Iran to Complain to JCPOA Commission if New US Visa Law Takes Effect: Araqchi

TEHRAN (Tasnim) – If the new law that tightens visa-free travel to the US comes into force, Iran will lodge a complaint to a joint commission, tasked with monitoring commitments to a July nuclear deal between Tehran and six world powers, about breach of the JCPOA, an Iranian diplomat said.

Iran’s Deputy Foreign Minister Abbas Araqchi said on Sunday that a new bill that the US House of Representatives passed to tighten visa-free travel to the US and President Barack Obama signed into law “contravenes” the Joint Comprehensive Plan of Action (JCPOA), a lasting accord that Iran and the Group 5+1 (Russia, China, the US, Britain, France and Germany) struck in July.

Araqchi argued that the new law will “definitely influence the economic, tourism, scientific and cultural interaction” between Iran and the other countries.

According to a bill, which was passed in the US House by 407 to 19 on December 8, visitors from the 38 “visa waiver” countries will need to obtain a visa to travel to the US if they have been to Syria, Iraq, Iran or Sudan in the past five years.
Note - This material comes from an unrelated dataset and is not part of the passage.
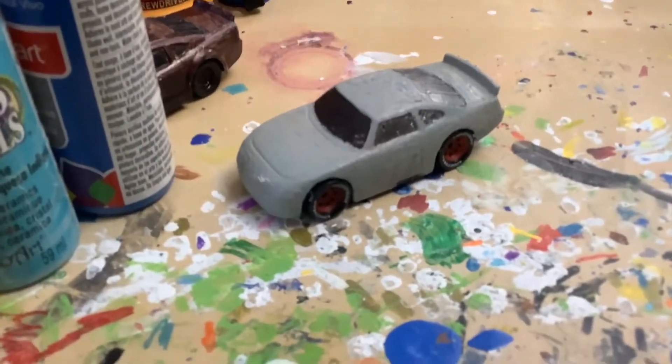Hello everyone, it's BlueNinjaProductions here with another tutorial video. You guys have sent me great suggestions for custom die-casts in the comments, and today I'm going to be working on Phoenix Auto Wrecking Ralph Carlo.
On Friday, US lawmakers sent Obama a huge tax and spending package, which also included reforms of the US visa waiver program. The president quickly signed it into law before leaving Washington for his annual holiday vacation.

Elsewhere in his comments, Araqchi said if that law comes into force, Iran will submit a request to the JCPOA joint commission to consider the violation of the nuclear deal.

He noted that the European countries also believe that the new US visa program violates the rights of European nationals.

The controversy comes a few weeks before implementation of the JCPOA.

The final nuclear deal, known as a big confidence-building step in relations between Iran and the West, is going to terminate all nuclear-related sanctions against Tehran after being implemented.

On Sunday, US Secretary of State John Kerry sent a letter to Iranian Foreign Minister Mohammad Javad Zarif, giving an assurance that Washington will remain committed to the JCPOA and underlining that the US administration has “a number of potential tools available” to prevent the visa law from stifling the nuclear deal.